Non è solo una partita per l’Europa, il voto di domenica in Italia. Conteranno le percentuali, ma conterà forse ancor di più, il distacco tra M5s e Lega nello scontro tutto interno al governo che si aprirà a spoglio ultimato. “Non escludo che la Lega stia affrontando le elezioni europee per sfiduciare Conte”, ripete da giorni il vice premier pentastellato, Luigi Di Maio. La minaccia è uscita qualche settimana fa dal cilindro del numero due di via Bellerio, Giancarlo Giorgetti, sottosegretario alla presidenza del Consiglio, acuto e navigato politico.
Di certo, se Salvini riuscirà a mettere un ampio margine, di sei-sette punti, tra sé e il suo socio Di Maio, andrà all’incasso. E Di Maio lo sa. E avverte: “Se vogliamo parlare di poltrone si è sbagliato Movimento. Dico alla Lega di parlare meno di poltrone e di pensare più al Paese”. Un fatto è certo, lo stesso premier Conte non può rimuovere i ministri, perciò se si volesse, ad esempio, sostituire un tecnico come Giovanni Tria con un politico, magari leghista, si dovrebbe sfiduciarlo e convincere il ministro dell’Economia a dimettersi, senza contare che servirebbe la firma del presidente della Repubblica. Ancor più complicata, a norma di prassi e procedure costituzionali, sarebbe la sostituzione dell’avvocato pugliese.
In ogni caso, al di là della poltrone, ad essere in gioco dopo il 26 maggio, sarà soprattutto la prosecuzione dell’esecutivo giallo-verde. A partire dall’agenda del governo, da un aggiornamento del “contratto”, oltre che dalle regole d’ingaggio. Perché, come si continua a ripetere nel Carroccio, “siamo tutti d’accordo con Giorgetti quando dice che così non si può andare avanti”. Nel merito, il primo punto all’ordine del giorno è quello dell’economia. “Serve una sferzata”, il ‘mantra’ del vicepremier leghista. Ovvero flat tax subito. Poi c’è il tema dell’autonomia, quello della sicurezza ed occorre rompere gli indugi sulle grandi opere (leggi niente più barricate sulla Tav). Ma soprattutto – dicono i big del partito di via Bellerio – basta con il giustizialismo.
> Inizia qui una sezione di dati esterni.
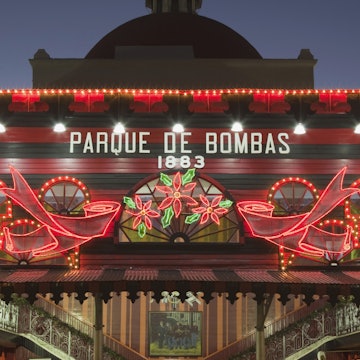 Firehouse museum at dusk Parque de Bombas, Plaza Las Delicias, Ponce, Puerto Rico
Perché il 30 maggio si saprà la sentenza sul caso delle ‘spese pazze’ in Liguria che coinvolge Edoardo Rixi, sottosegretario ai Trasporti. E Rixi – si fa notare ancora in via Bellerio – non è Siri, non si potrà chiedere la sua testa senza non subirne poi le conseguenze. Questa è l’aria che tira, nonostante le rassicurazioni del vicepremier leghista (“il governo andrà’ avanti in ogni caso”) -. Di Maio già da tempo sente puzza di bruciato. Non a caso a meno di ventiquattr’ore fa, il vice premier pentastellato, si è lasciato andare ad una frase che non necessita d’interpretazioni: “la Lega sta chiedendo il voto per dire ‘vogliamo più forza per buttare giù questo governo’”. La sfida del M5S, si sa, sarà ai confini dell’impossibile perché la Lega, sebbene a livelli inferiori rispetto a qualche tempo, viaggia decisa verso il primato. Ed ecco perché il voto di domenica non è solo una partita per l’Europa.